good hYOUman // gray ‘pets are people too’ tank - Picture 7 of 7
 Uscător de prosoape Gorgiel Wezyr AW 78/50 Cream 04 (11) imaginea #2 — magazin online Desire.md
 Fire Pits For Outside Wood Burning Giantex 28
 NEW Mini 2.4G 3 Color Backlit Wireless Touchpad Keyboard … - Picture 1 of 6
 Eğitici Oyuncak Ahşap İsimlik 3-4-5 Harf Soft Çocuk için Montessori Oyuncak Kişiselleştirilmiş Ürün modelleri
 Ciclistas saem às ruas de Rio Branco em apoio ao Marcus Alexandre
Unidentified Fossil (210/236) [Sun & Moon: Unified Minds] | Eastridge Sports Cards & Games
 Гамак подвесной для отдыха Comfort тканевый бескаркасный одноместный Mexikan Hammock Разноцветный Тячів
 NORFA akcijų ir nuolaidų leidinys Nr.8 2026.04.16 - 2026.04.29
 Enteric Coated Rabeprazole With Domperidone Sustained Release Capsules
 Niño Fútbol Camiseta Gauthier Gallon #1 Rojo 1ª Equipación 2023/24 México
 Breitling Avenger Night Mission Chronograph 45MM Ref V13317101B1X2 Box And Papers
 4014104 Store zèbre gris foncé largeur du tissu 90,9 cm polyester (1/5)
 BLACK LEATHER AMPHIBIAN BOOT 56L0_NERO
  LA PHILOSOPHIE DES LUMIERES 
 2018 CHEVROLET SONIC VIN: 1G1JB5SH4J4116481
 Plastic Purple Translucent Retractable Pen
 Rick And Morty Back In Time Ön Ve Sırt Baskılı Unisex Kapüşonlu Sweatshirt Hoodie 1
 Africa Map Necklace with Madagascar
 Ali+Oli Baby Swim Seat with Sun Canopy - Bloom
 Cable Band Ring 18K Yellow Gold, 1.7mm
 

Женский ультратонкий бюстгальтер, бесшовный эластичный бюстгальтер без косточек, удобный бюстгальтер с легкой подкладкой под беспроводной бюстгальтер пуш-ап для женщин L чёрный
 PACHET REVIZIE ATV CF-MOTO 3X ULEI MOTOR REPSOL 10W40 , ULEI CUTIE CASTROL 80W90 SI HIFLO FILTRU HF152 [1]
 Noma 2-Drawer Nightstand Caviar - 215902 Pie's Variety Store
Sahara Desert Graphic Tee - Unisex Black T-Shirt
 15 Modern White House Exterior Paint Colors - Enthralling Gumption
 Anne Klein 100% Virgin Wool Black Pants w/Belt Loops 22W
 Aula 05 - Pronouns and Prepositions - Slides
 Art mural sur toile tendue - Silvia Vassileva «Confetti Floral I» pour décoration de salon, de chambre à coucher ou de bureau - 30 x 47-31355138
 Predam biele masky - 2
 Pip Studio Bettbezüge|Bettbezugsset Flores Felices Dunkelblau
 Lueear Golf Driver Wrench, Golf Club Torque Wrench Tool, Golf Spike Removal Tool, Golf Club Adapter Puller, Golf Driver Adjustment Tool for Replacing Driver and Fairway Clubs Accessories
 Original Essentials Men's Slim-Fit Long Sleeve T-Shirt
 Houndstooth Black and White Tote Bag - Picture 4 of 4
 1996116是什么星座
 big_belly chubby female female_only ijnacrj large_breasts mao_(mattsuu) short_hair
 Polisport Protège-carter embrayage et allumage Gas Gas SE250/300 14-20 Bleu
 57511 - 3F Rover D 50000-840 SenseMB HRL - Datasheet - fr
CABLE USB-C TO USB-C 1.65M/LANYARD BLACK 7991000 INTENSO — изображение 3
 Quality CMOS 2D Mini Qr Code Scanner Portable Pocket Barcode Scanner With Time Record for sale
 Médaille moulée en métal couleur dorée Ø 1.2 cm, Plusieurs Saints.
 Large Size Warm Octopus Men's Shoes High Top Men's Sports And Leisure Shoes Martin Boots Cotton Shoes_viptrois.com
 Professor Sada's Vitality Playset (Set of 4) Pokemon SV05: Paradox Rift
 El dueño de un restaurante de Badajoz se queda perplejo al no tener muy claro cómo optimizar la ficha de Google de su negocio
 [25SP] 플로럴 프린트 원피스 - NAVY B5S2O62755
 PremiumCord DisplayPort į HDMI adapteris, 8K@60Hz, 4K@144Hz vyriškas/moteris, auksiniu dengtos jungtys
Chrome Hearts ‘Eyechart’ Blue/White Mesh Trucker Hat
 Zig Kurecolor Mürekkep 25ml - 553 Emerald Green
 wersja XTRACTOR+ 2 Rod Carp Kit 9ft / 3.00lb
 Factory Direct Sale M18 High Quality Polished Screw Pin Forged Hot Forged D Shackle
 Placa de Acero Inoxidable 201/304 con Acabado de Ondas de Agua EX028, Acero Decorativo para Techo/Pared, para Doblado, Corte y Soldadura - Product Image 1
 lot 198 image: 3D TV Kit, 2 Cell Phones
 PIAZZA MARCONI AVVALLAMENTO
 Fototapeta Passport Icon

════════

> [Assigned task]:
Transcribe the records above from the line holding "Breitling Avenger Night" down to the line holding "Anne Klein 100%", inclusive, without adding anything.

> [Output of the exercise]:
 Breitling Avenger Night Mission Chronograph 45MM Ref V13317101B1X2 Box And Papers
 4014104 Store zèbre gris foncé largeur du tissu 90,9 cm polyester (1/5)
 BLACK LEATHER AMPHIBIAN BOOT 56L0_NERO
  LA PHILOSOPHIE DES LUMIERES 
 2018 CHEVROLET SONIC VIN: 1G1JB5SH4J4116481
 Plastic Purple Translucent Retractable Pen
 Rick And Morty Back In Time Ön Ve Sırt Baskılı Unisex Kapüşonlu Sweatshirt Hoodie 1
 Africa Map Necklace with Madagascar
 Ali+Oli Baby Swim Seat with Sun Canopy - Bloom
 Cable Band Ring 18K Yellow Gold, 1.7mm
 

Женский ультратонкий бюстгальтер, бесшовный эластичный бюстгальтер без косточек, удобный бюстгальтер с легкой подкладкой под беспроводной бюстгальтер пуш-ап для женщин L чёрный
 PACHET REVIZIE ATV CF-MOTO 3X ULEI MOTOR REPSOL 10W40 , ULEI CUTIE CASTROL 80W90 SI HIFLO FILTRU HF152 [1]
 Noma 2-Drawer Nightstand Caviar - 215902 Pie's Variety Store
Sahara Desert Graphic Tee - Unisex Black T-Shirt
 15 Modern White House Exterior Paint Colors - Enthralling Gumption
 Anne Klein 100% Virgin Wool Black Pants w/Belt Loops 22W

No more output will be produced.